WHAT THIS TASK INVOLVES
The line with "Siyah beyaz bir arka plan fotoğrafı." marks the start; please set it down along with all later lines through the end of the material, exactly, leaving out pictures.

RECORDS TO PROCESS

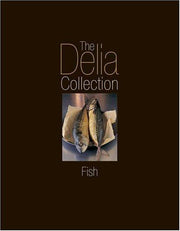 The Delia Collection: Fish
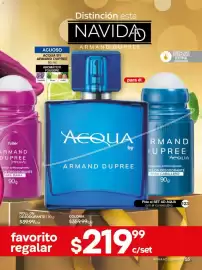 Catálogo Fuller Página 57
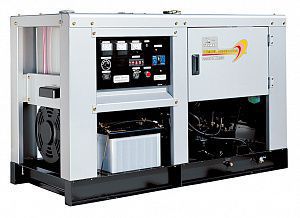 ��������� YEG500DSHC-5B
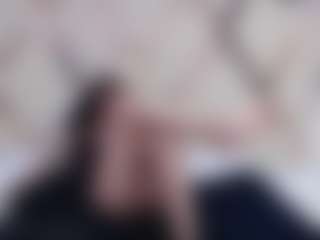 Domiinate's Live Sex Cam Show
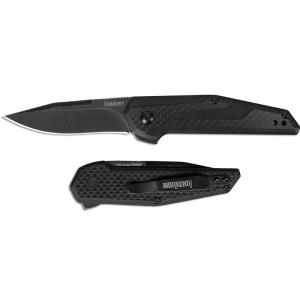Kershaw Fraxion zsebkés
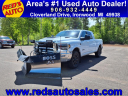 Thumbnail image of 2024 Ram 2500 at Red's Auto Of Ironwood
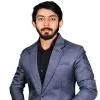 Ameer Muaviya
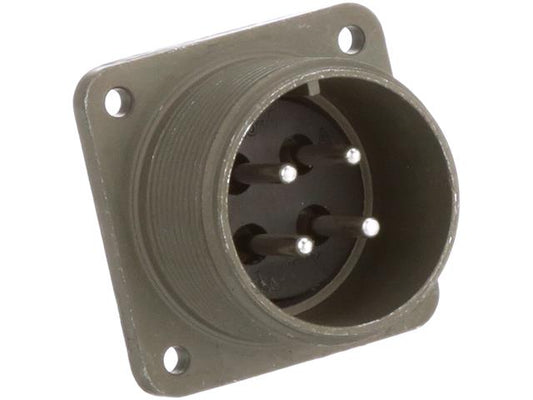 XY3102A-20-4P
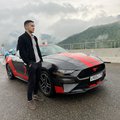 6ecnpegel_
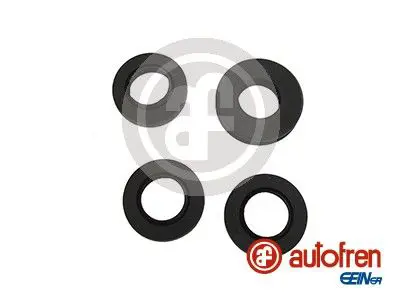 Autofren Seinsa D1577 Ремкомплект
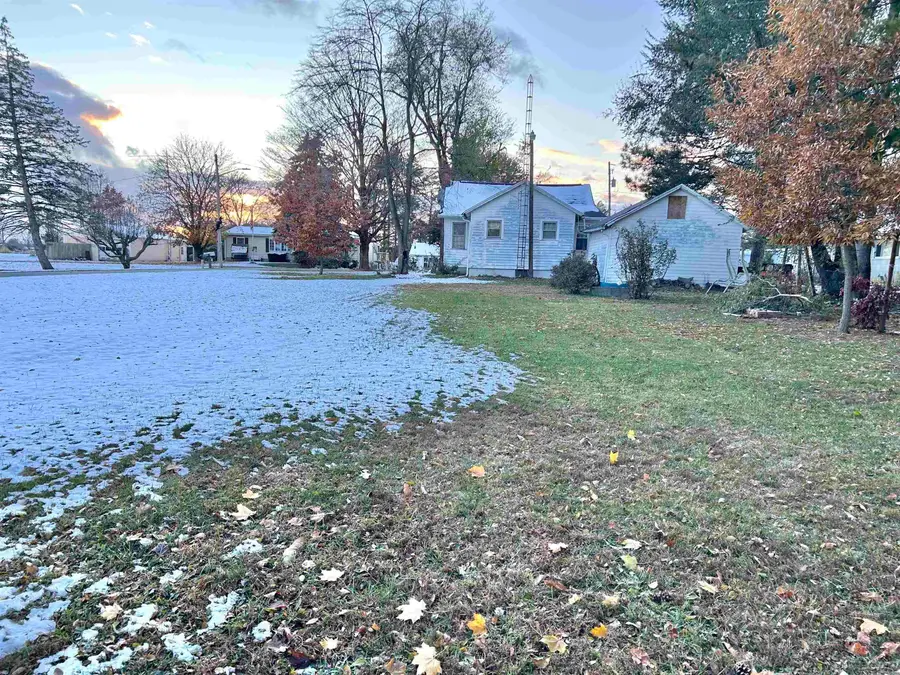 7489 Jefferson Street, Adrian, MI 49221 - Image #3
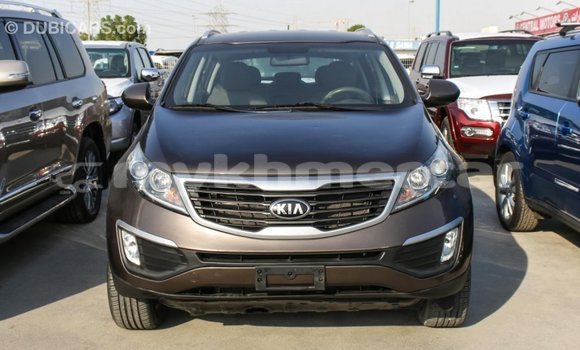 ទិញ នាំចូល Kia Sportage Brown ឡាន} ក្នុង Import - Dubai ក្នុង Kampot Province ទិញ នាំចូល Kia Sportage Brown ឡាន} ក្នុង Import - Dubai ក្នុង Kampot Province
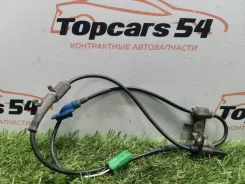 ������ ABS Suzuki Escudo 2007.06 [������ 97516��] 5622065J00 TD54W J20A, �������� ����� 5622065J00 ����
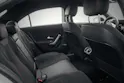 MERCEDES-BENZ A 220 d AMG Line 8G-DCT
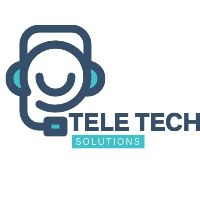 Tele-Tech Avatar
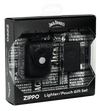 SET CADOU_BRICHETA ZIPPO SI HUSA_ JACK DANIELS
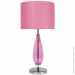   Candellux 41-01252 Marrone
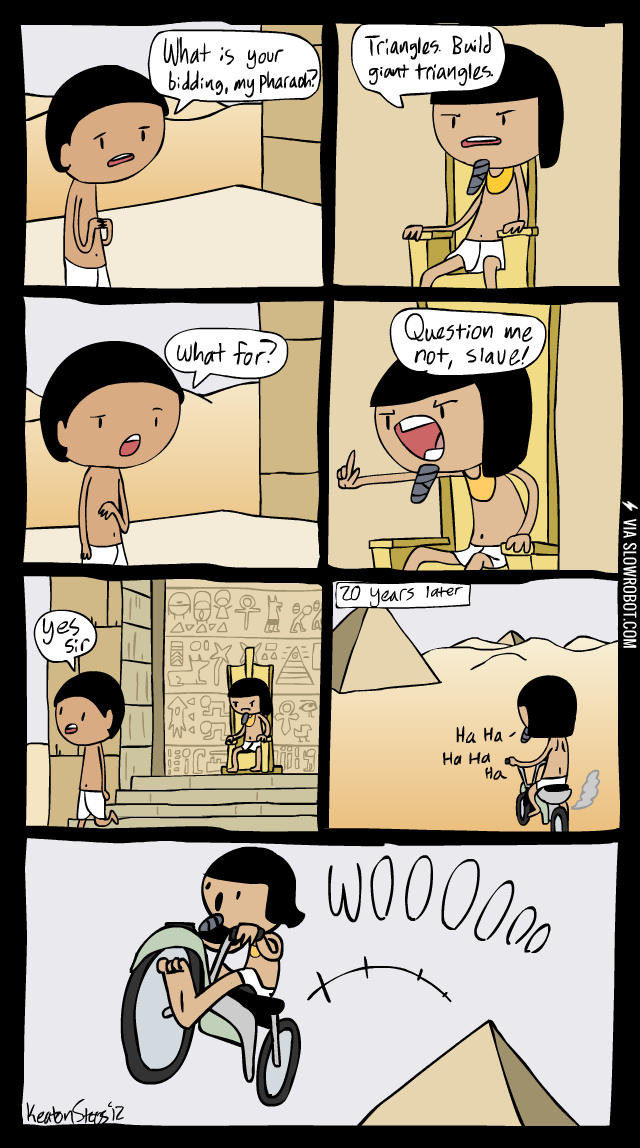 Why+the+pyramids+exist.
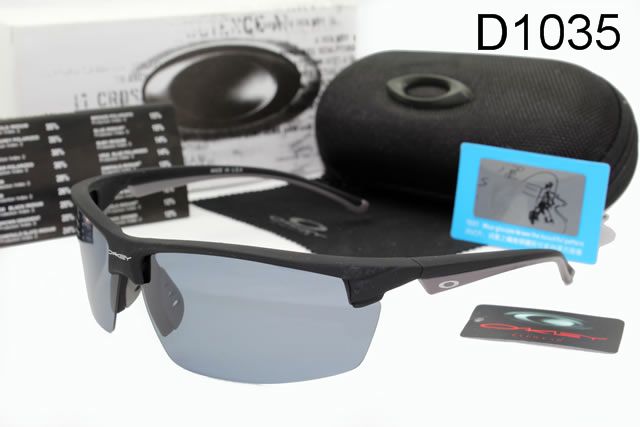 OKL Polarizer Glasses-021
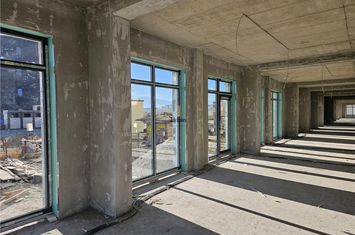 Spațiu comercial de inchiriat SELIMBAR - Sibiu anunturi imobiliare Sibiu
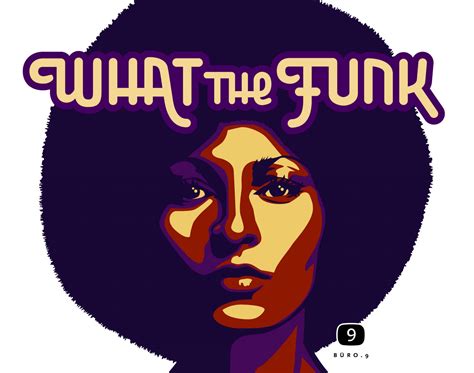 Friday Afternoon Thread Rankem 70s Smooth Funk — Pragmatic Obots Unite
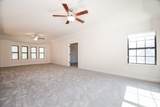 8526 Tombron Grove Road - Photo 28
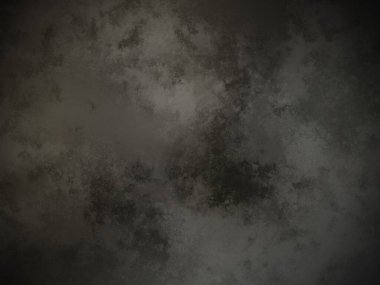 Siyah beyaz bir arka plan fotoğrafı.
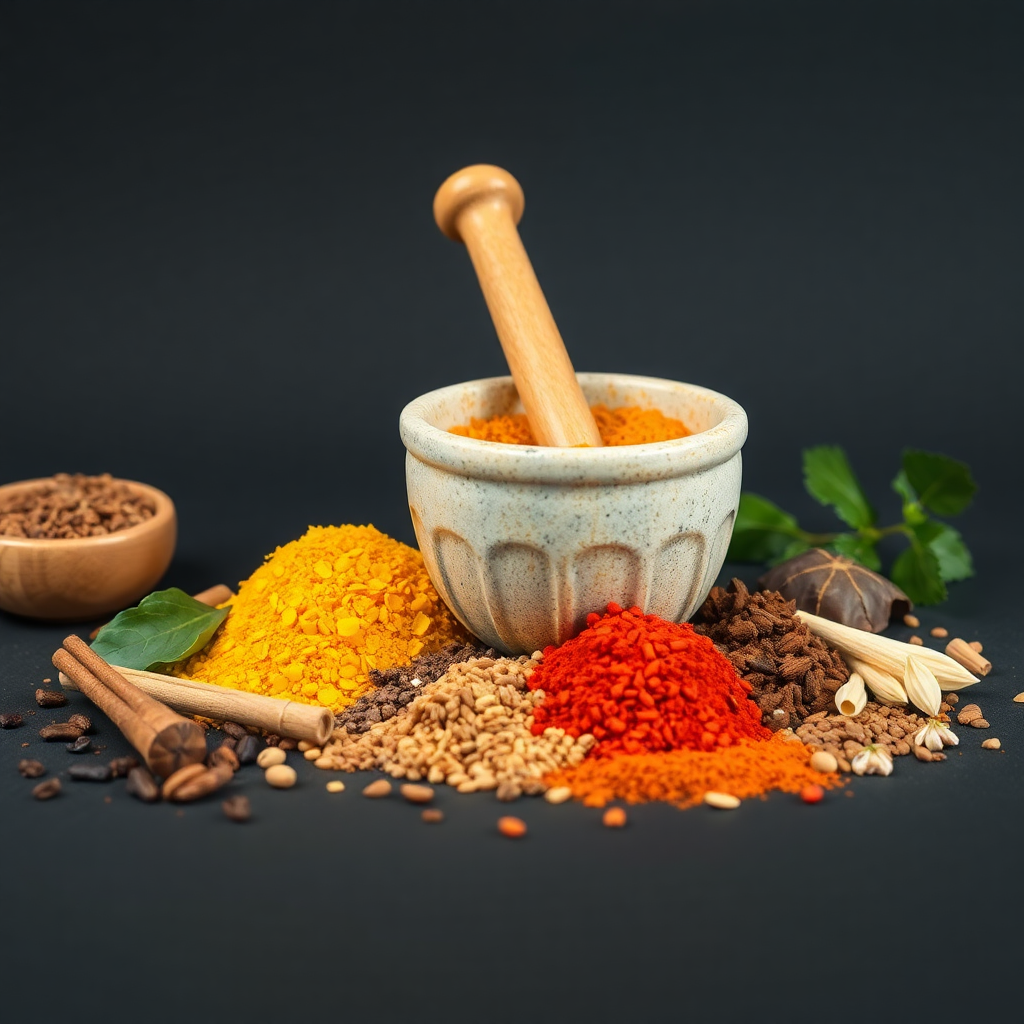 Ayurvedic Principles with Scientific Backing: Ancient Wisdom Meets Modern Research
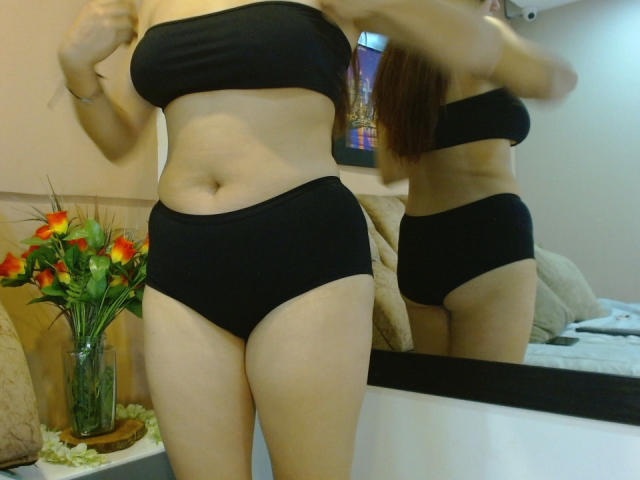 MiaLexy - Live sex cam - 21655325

RESULT
 Siyah beyaz bir arka plan fotoğrafı.
 Ayurvedic Principles with Scientific Backing: Ancient Wisdom Meets Modern Research
 MiaLexy - Live sex cam - 21655325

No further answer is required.